A justificativa americana foi de que tais medidas seriam uma resposta a decisões judiciais que envolvem o ex-presidente Jair Bolsonaro — um argumento que, na avaliação de juristas e diplomatas brasileiros, representa clara tentativa de pressionar e constranger uma autoridade judicial.
Essas ações não apenas abalaram o diálogo bilateral como também prejudicaram a imagem dos EUA no cenário internacional, alimentando a percepção de que o governo Trump mistura interesses ideológicos com política externa.
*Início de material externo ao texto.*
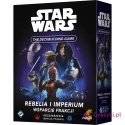 Star Wars: The Deckbuilding Game - Rebelia i Imperium
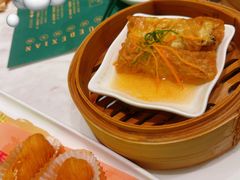 -悦得闲广式点心茶楼(蓝鲸世界店)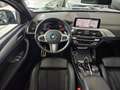 BMW X4 X4 G02 2018 xdrive20d mhev 48V Msport X auto Blu/Azzurro - thumbnail 12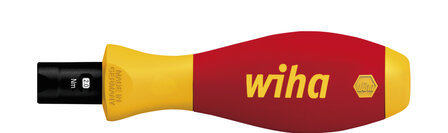 Wiha momentschroevendraaier TorqueVario&reg;-S electric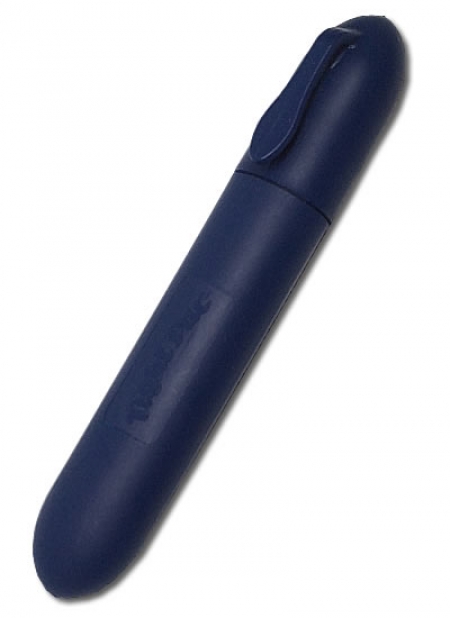 Zigarettenhüllen - Blunt Pac - Royal Blau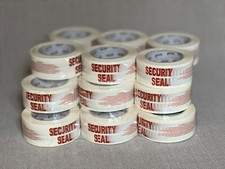 Packing Tape, 132m length /48mm wide Packing Tape, High-Performance Tape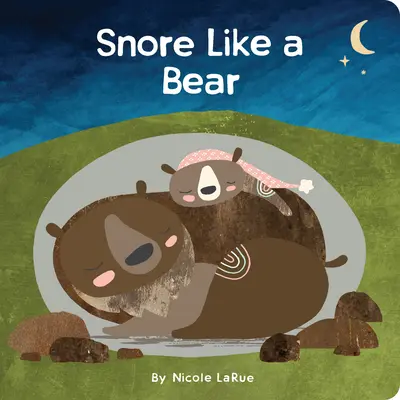 Ronfler comme un ours - Snore Like a Bear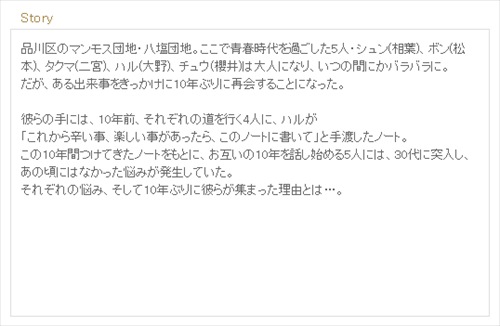 ピカンチ ハーフは嵐のやりたかったこと第2弾 詳細まとめ 15周年 嵐トレンドハピネス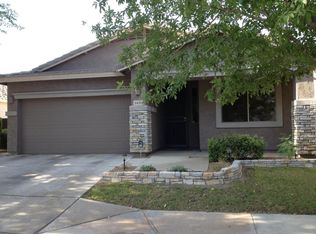 2435 E Glass Ln, Phoenix, AZ 85042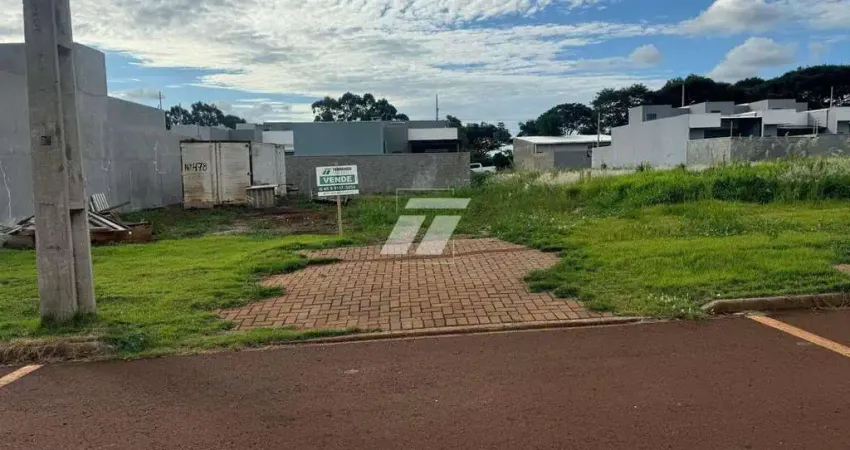 Casa à venda na Vista Linda, Cascavel 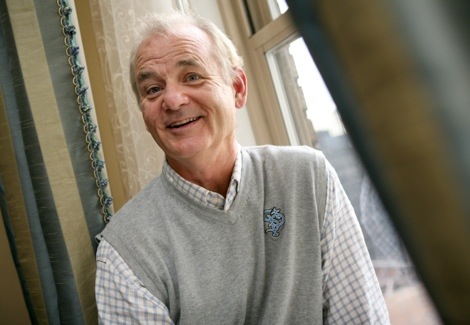 Bill Murray Cameron Crowe’un Yeni Filmine Dahil Oluyor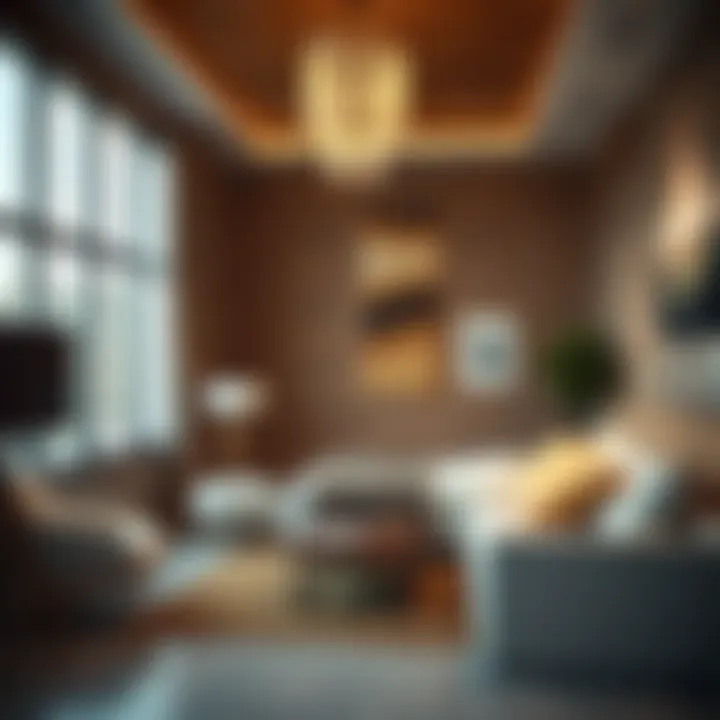 Exploring Studio Flats for Rent in Deira: A Comprehensive Guide Introduction Exploring Studio Flats for Rent in Deira: A Comprehensive Guide Introduction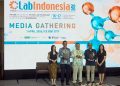 Menuju Standar Global, Lab Indonesia 2026 Jadi Jantung Inovasi Riset Nasional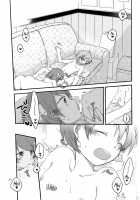 Dandelion Reversi / たんぽぽリバーシ [Sekihara] [Love Live!] Thumbnail Page 28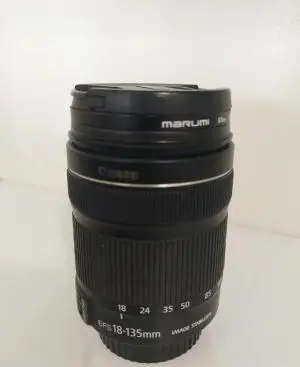 لنز 18.135 دست دوم
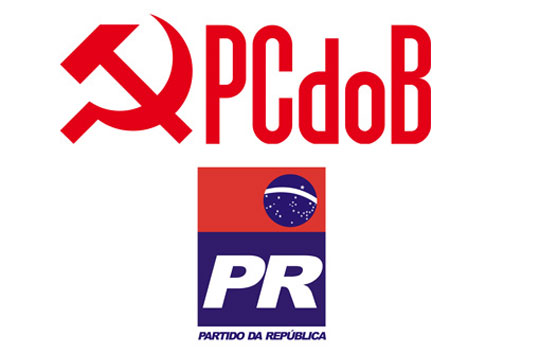 Convenção do PCdoB e PR será realizada nesta quinta-feira (4) em Brumado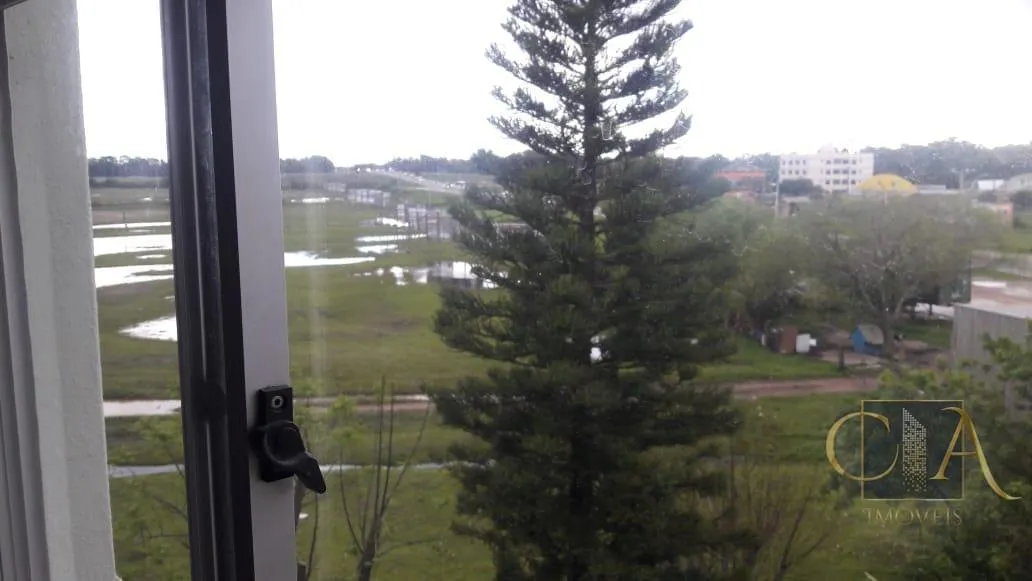 Imagem Apartamento para Venda em Rio Grande, Carreiros, 2 dormitórios, 1 banheiro, 1 vaga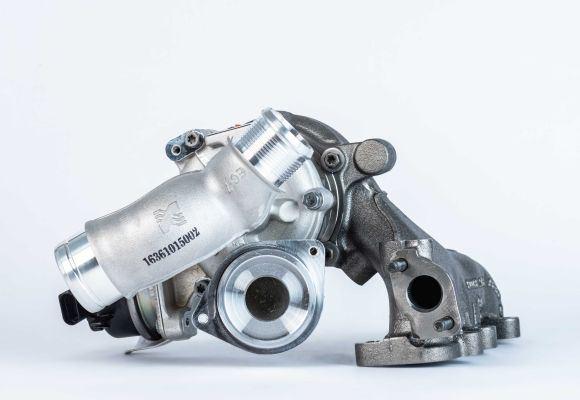 TURBO POLO 14>IBIZA-FABIA-A1 14>1.4TDI (CUSB-CYZB) BORGWARNER - KKK - OEM 04B253019G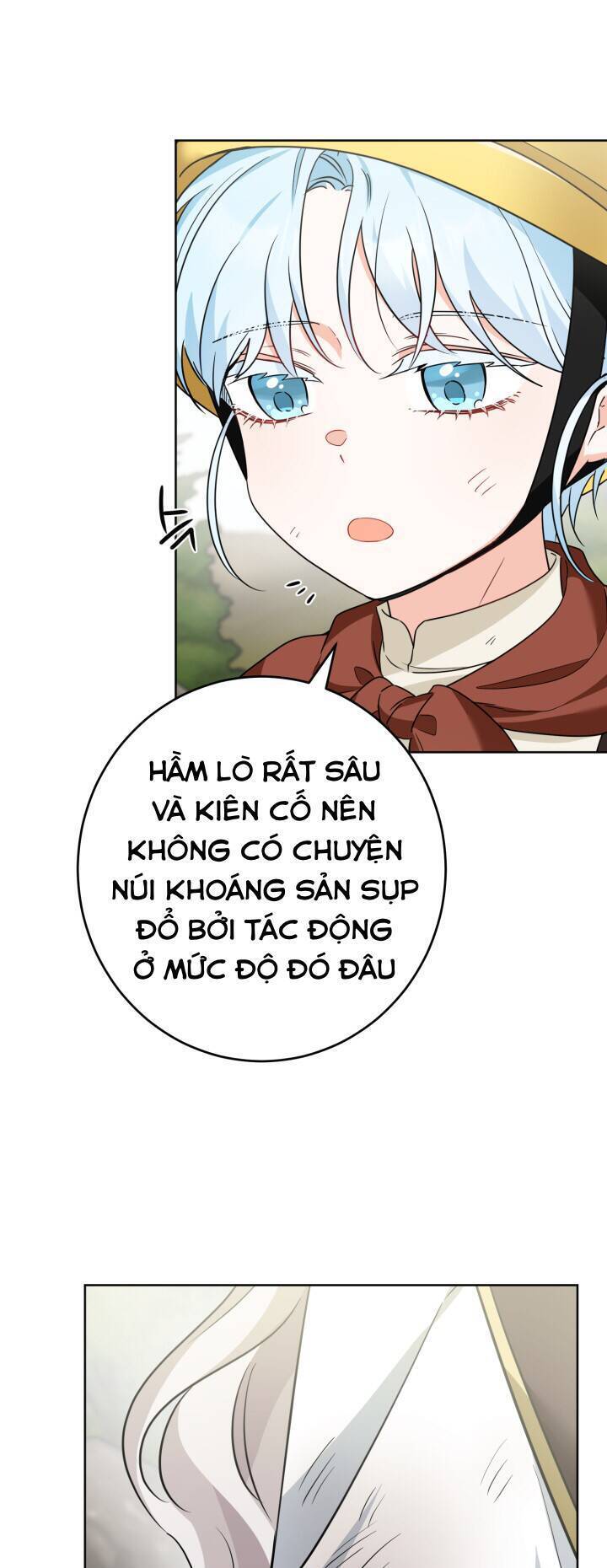 Lịch Sử Đen Tối Của Nam Chính Chương 23 Ảnh 15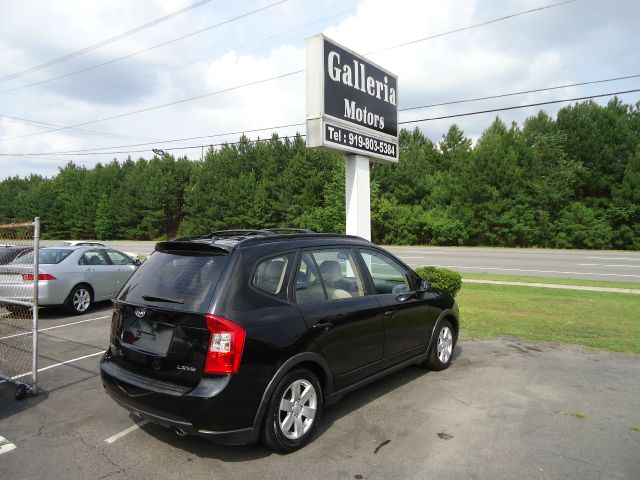 2007 Kia Rondo 5dr HB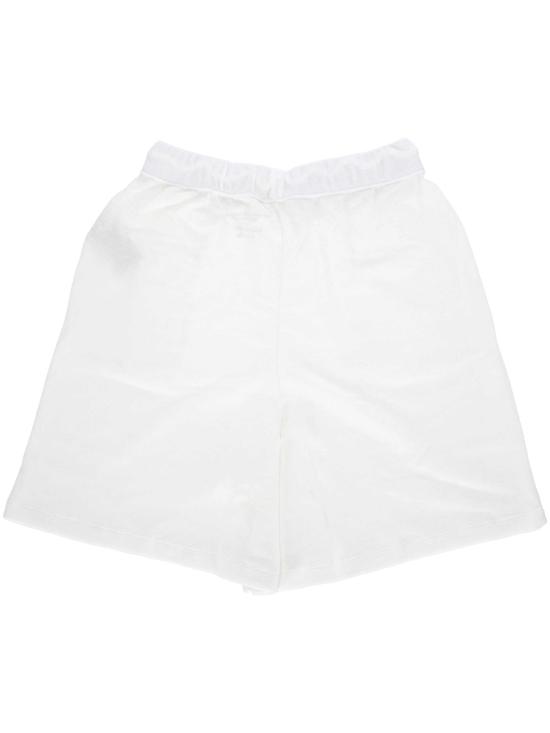 26SS 마제스틱필라쳐 셔츠 E26M494 FPA211108 Milk - MAJESTIC FILATURES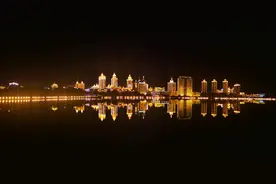 呼伦贝尔自驾系列（5）异域风情满洲里——满洲里图片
O tom confrontacional adotado por Washington reforçou no Brasil o discurso de defesa institucional e de preservação da independência dos poderes, ao mesmo tempo em que ampliou o sentimento de resistência a pressões externas.
PREDECENTE – Para muitos analistas, trata-se de um marco preocupante, pois rompe com a tradição de cooperação construtiva entre os dois países e cria um precedente perigoso para o futuro das relações diplomáticas.
O episódio, além de expor os limites da influência americana, serve como alerta para os riscos de se permitir que disputas políticas internas se transformem em ferramentas de intervenção estrangeira. Mais do que um incidente pontual, o caso revela um embate de narrativas sobre democracia, soberania e legitimidade institucional, com potencial de gerar desdobramentos duradouros na política externa brasileira e na postura do país diante de potências globais.